# TASK INSTRUCTIONS
Only the lines from the top of the records below through the line containing "Новинка, унисекс, модные" should be printed, exactly and without pictures.

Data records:
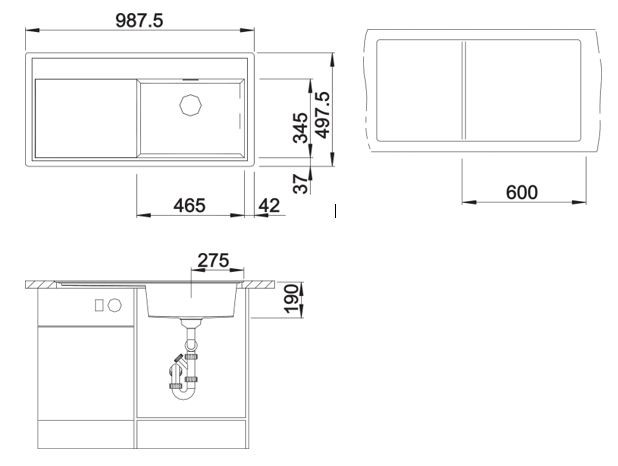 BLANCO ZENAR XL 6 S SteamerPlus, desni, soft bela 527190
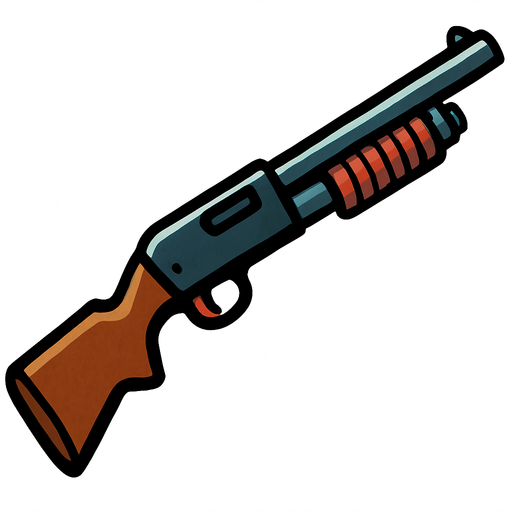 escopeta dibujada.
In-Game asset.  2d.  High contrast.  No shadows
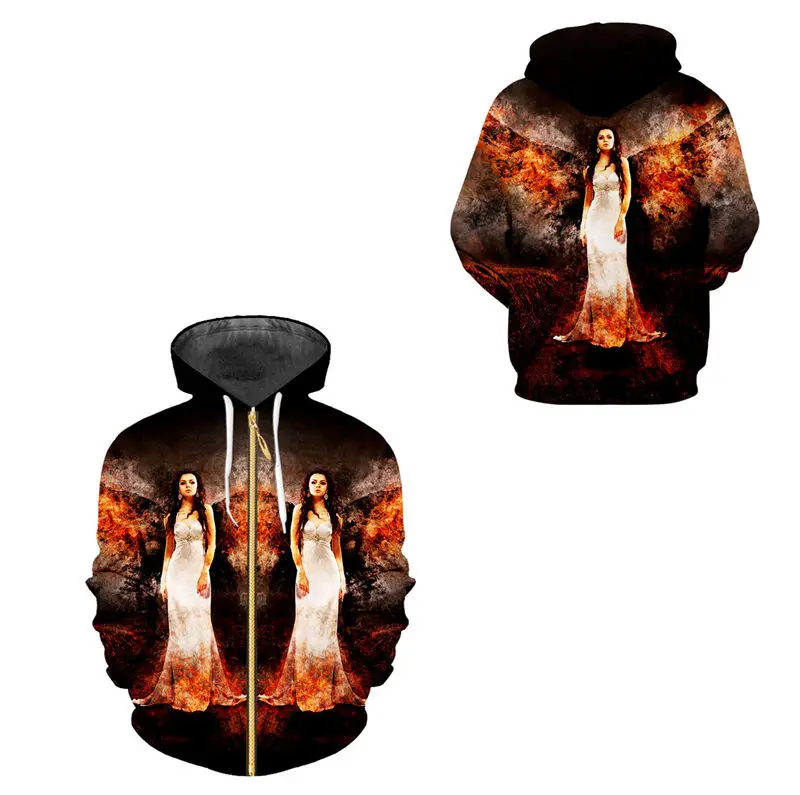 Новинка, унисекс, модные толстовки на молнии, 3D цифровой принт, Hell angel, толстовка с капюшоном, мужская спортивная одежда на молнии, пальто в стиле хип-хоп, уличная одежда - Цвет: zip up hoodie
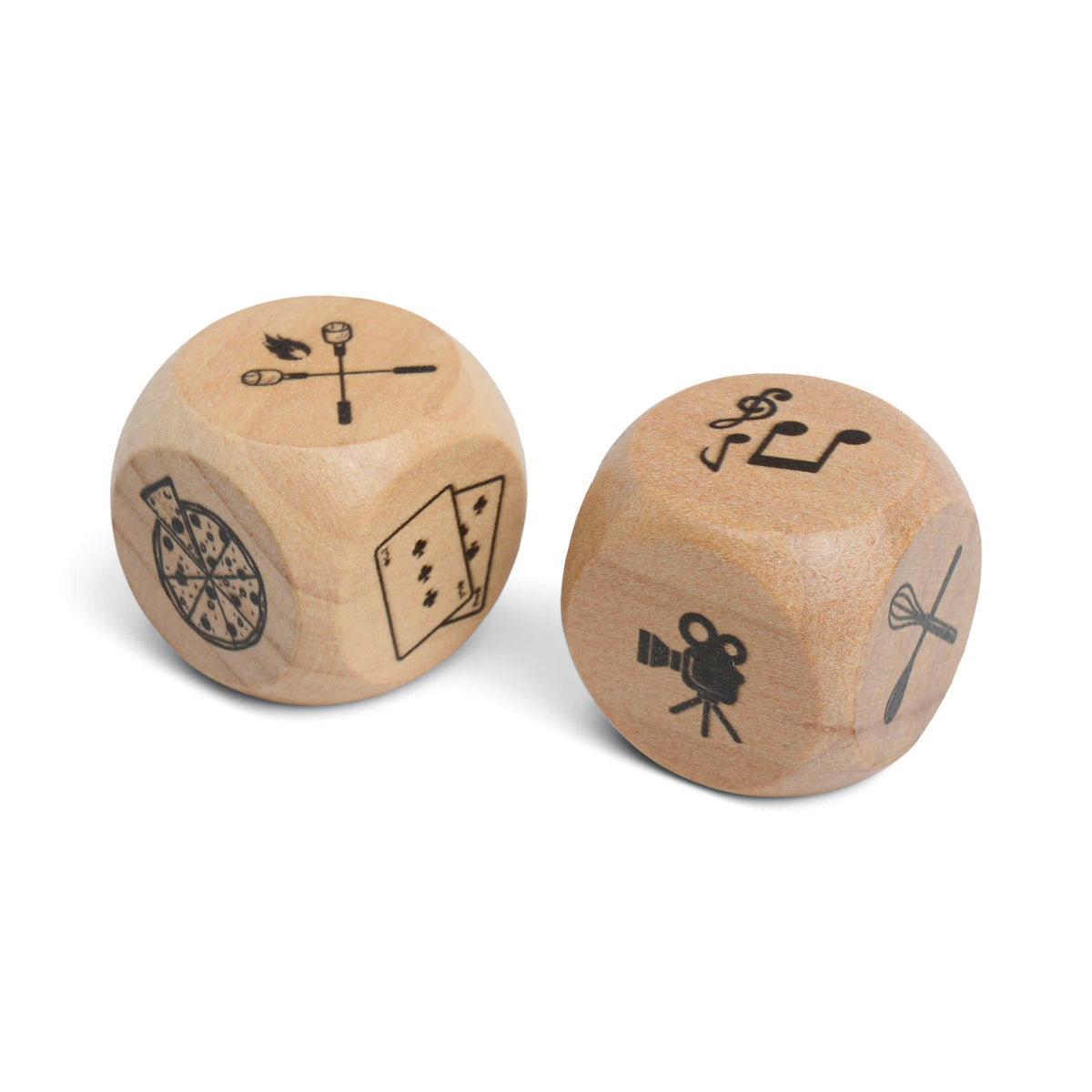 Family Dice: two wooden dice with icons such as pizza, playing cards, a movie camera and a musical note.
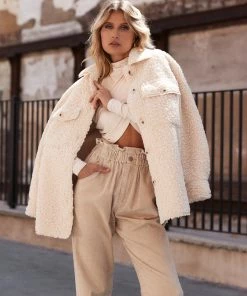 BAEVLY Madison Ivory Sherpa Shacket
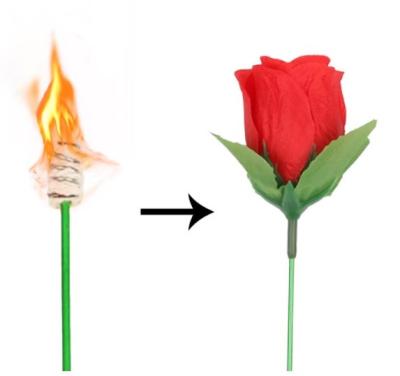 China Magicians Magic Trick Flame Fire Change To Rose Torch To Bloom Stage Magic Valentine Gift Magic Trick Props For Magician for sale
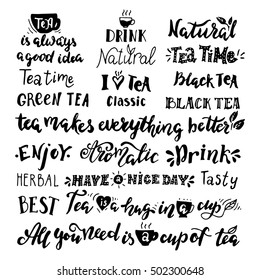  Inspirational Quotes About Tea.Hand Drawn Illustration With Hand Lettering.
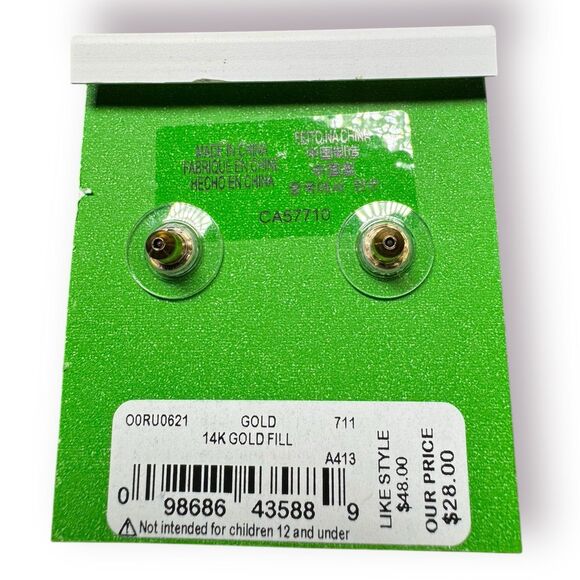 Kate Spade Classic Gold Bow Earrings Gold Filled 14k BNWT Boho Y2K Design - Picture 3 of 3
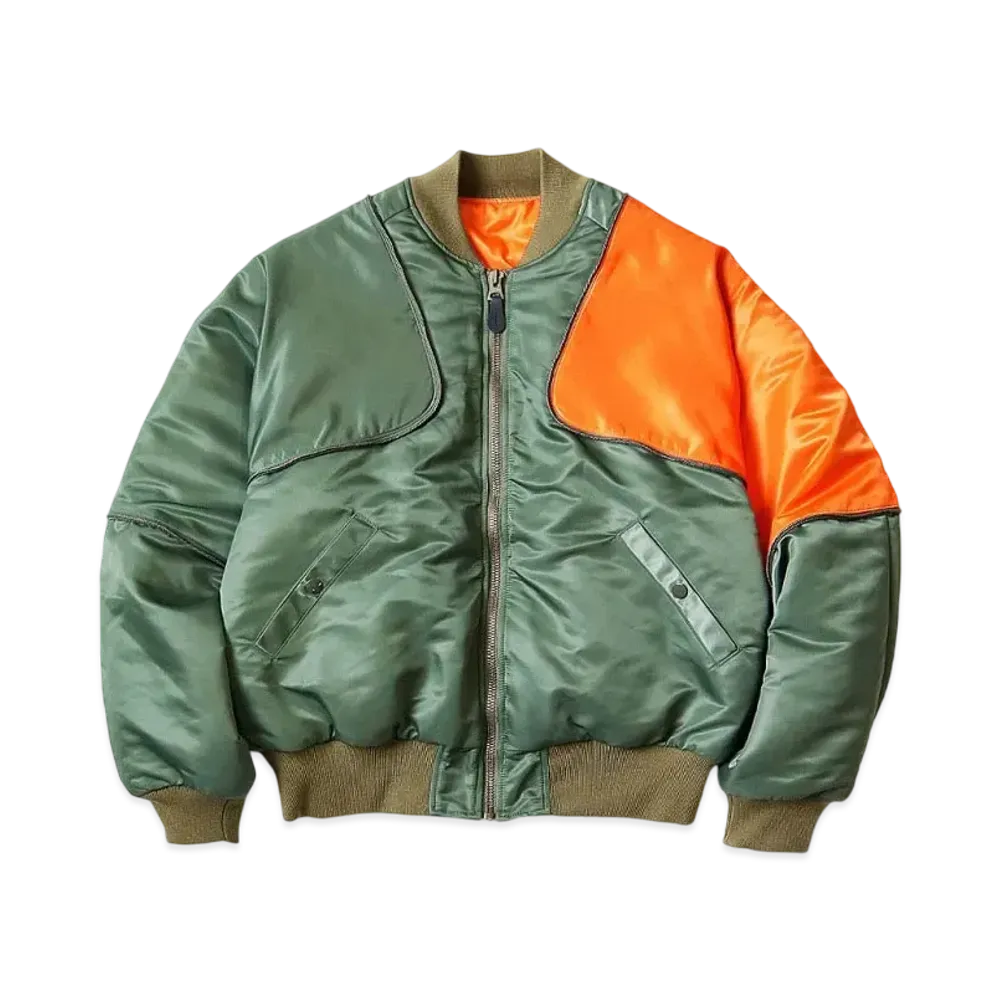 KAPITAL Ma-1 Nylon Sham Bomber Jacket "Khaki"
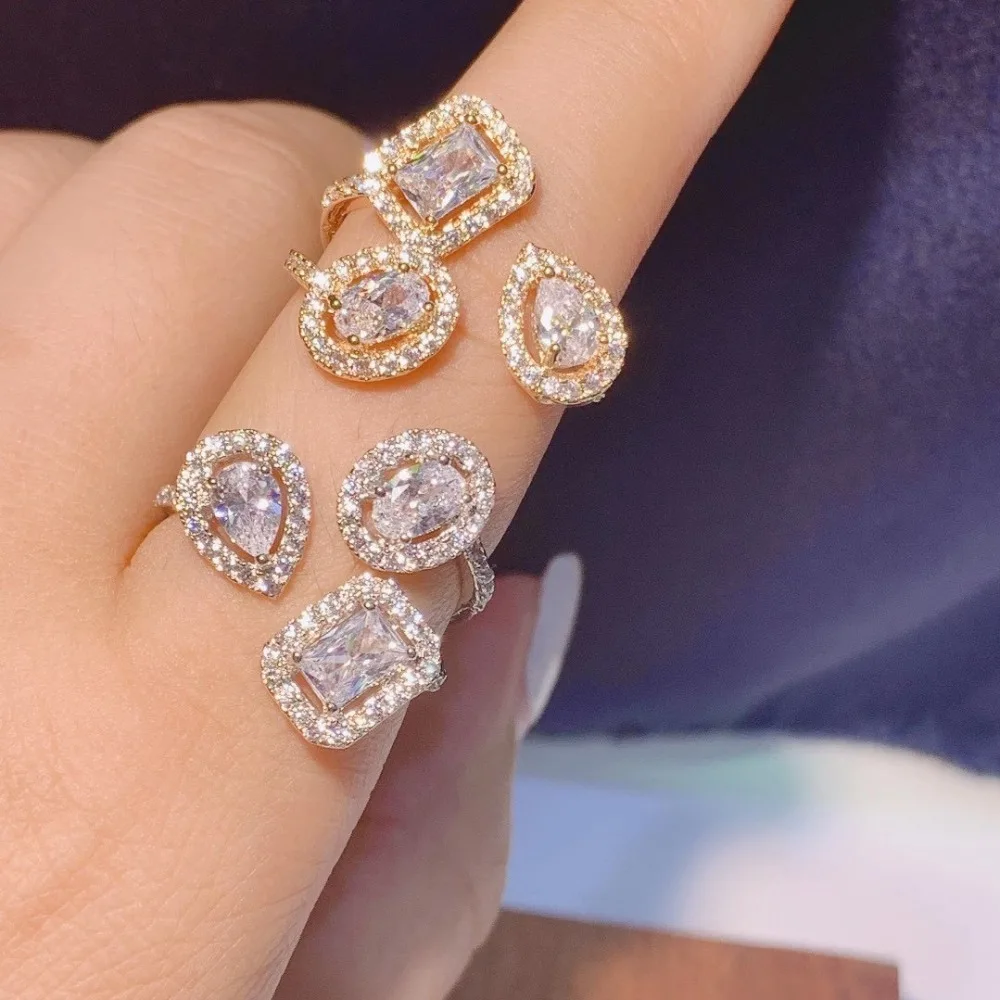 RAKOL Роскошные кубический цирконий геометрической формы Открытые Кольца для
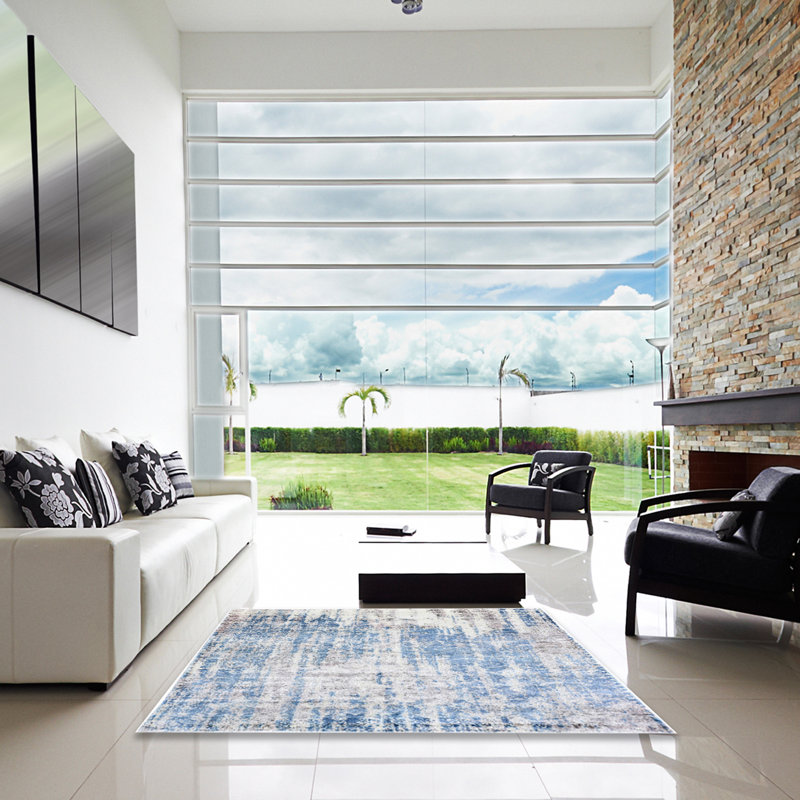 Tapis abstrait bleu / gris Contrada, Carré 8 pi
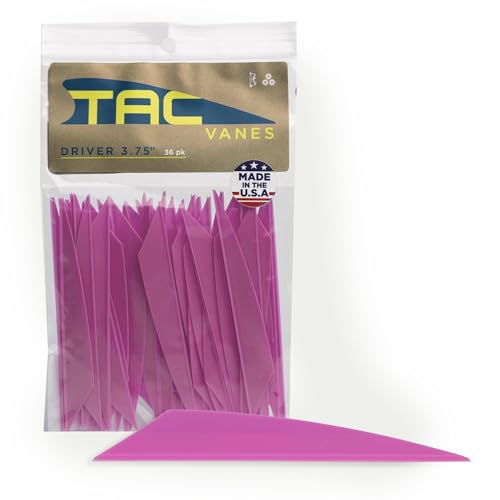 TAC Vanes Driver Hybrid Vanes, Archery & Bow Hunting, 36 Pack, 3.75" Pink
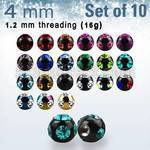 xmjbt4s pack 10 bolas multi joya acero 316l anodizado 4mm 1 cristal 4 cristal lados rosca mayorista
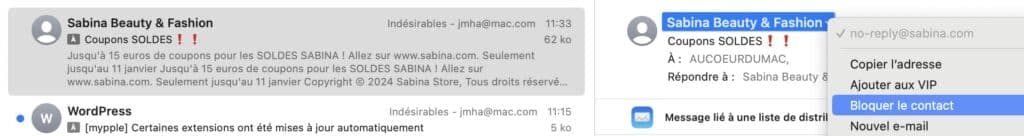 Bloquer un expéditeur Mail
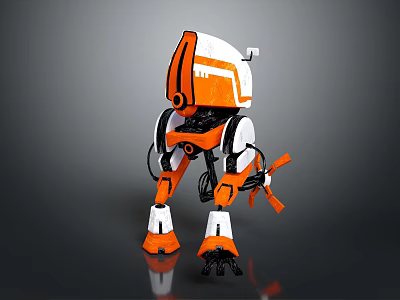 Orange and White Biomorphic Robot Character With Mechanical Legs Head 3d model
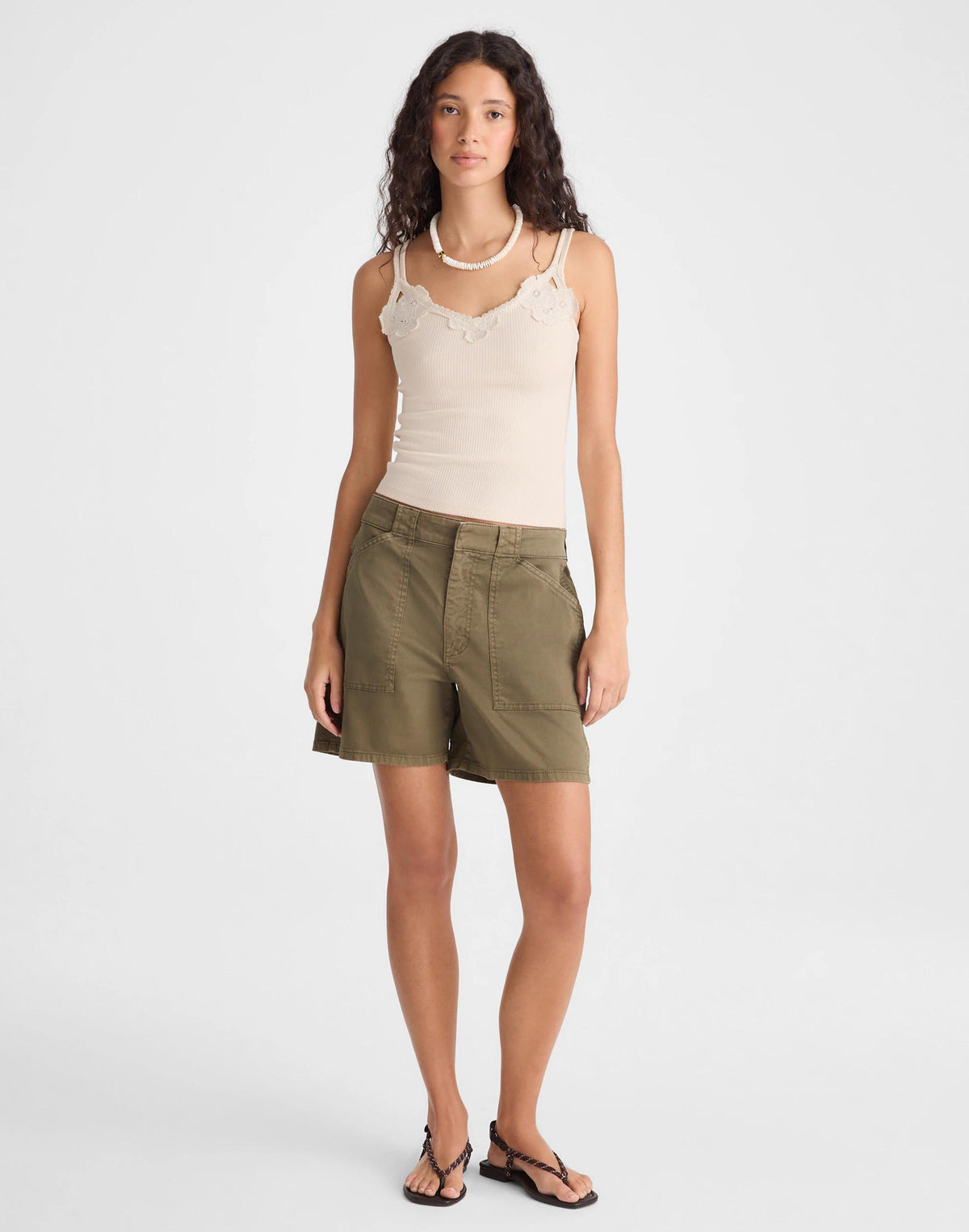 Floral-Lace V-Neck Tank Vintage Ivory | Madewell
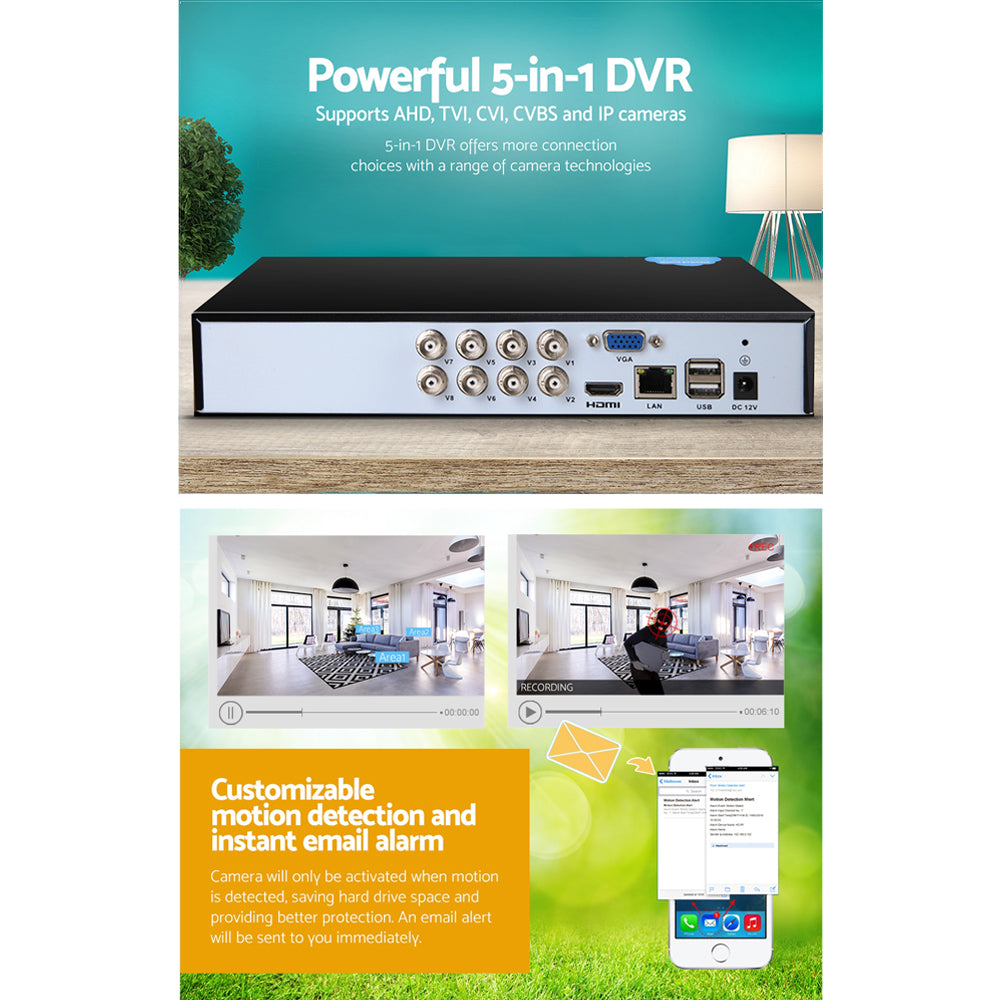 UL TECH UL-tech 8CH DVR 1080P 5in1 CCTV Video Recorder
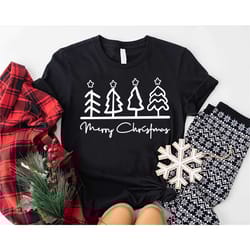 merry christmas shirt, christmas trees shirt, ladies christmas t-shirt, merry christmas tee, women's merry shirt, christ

# ANSWER TO THIS PROBLEM
 BLANCO ZENAR XL 6 S SteamerPlus, desni, soft bela 527190
 escopeta dibujada.
In-Game asset.  2d.  High contrast.  No shadows
 Новинка, унисекс, модные толстовки на молнии, 3D цифровой принт, Hell angel, толстовка с капюшоном, мужская спортивная одежда на молнии, пальто в стиле хип-хоп, уличная одежда - Цвет: zip up hoodie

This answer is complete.